EXERCISE INSTRUCTIONS:
The answer is to consist only of an exact retyping of the lines from the one containing "Briquet à kérosène" to the end of the entries, without pictures.

Image-text web data
****************
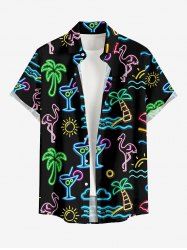 Men's Glitter Neon Coconut Tree Flamingo Juice Print Hawaii Button Pocket Shirt -  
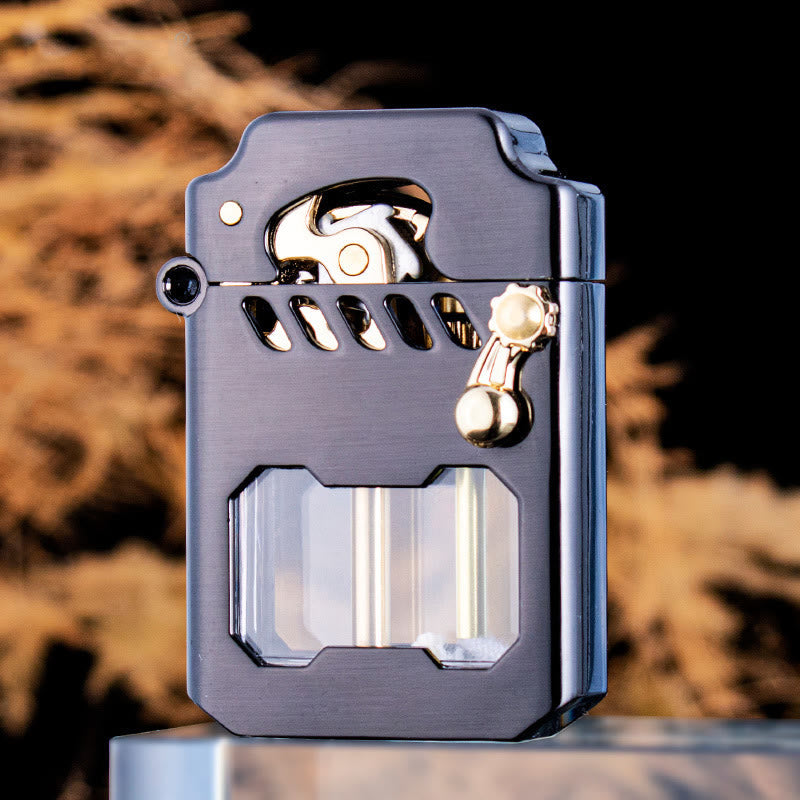 Briquet à kérosène rechargeable avec bras oscillant et réservoir d'huile transparent rétro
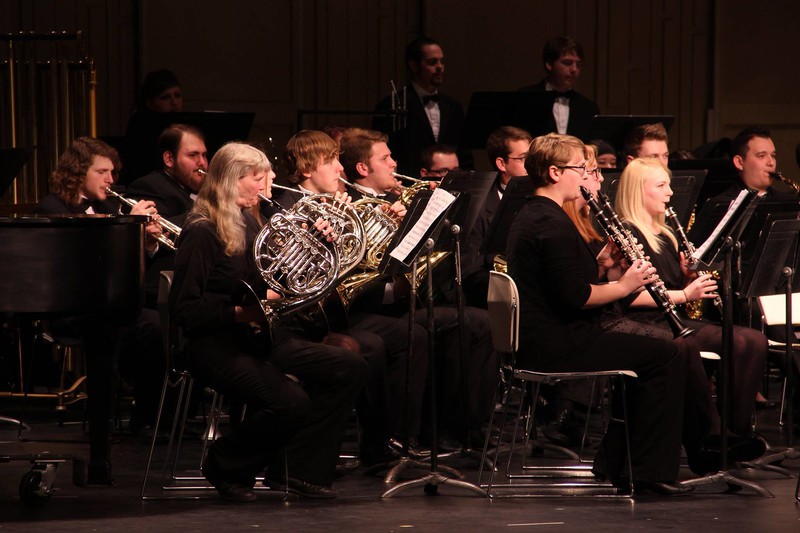 Dr. Sid Shuler performs with the Chadron State College Wind Symphony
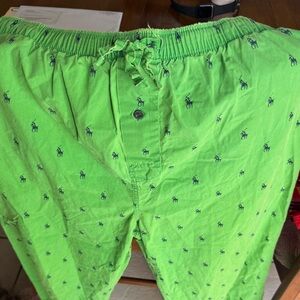 Vintage Polo Green Pajama Pants with all over blue horses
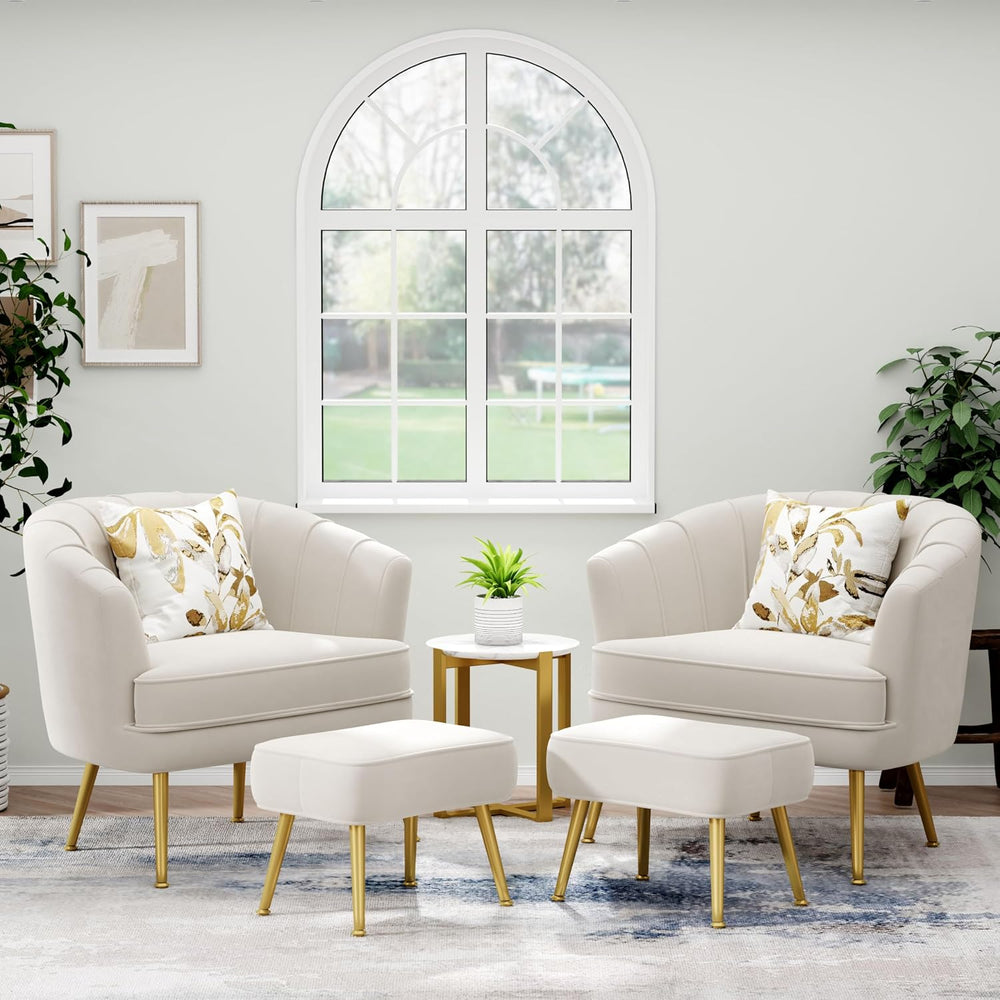 Andeworld Velvet Accent Chair with Ottoman, Barrel Armchair, Beige | Velvet U...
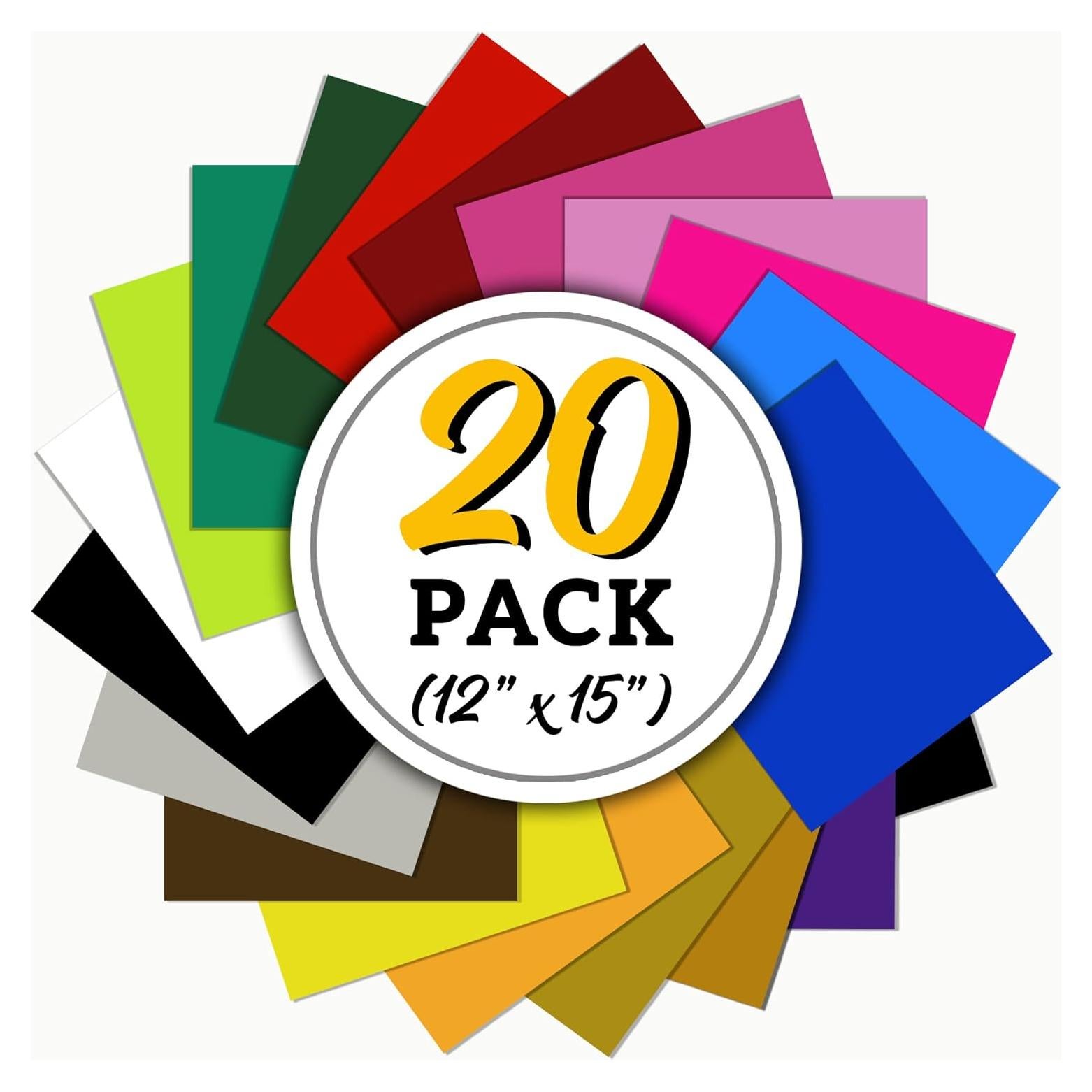 Paquete de Vinilo de Transferencia de Calor EcoRise - 20 Hojas 30.48x38.1cm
****************
ANSWER TO THIS TASK:
 Briquet à kérosène rechargeable avec bras oscillant et réservoir d'huile transparent rétro
 Dr. Sid Shuler performs with the Chadron State College Wind Symphony
 Vintage Polo Green Pajama Pants with all over blue horses
 Andeworld Velvet Accent Chair with Ottoman, Barrel Armchair, Beige | Velvet U...
 Paquete de Vinilo de Transferencia de Calor EcoRise - 20 Hojas 30.48x38.1cm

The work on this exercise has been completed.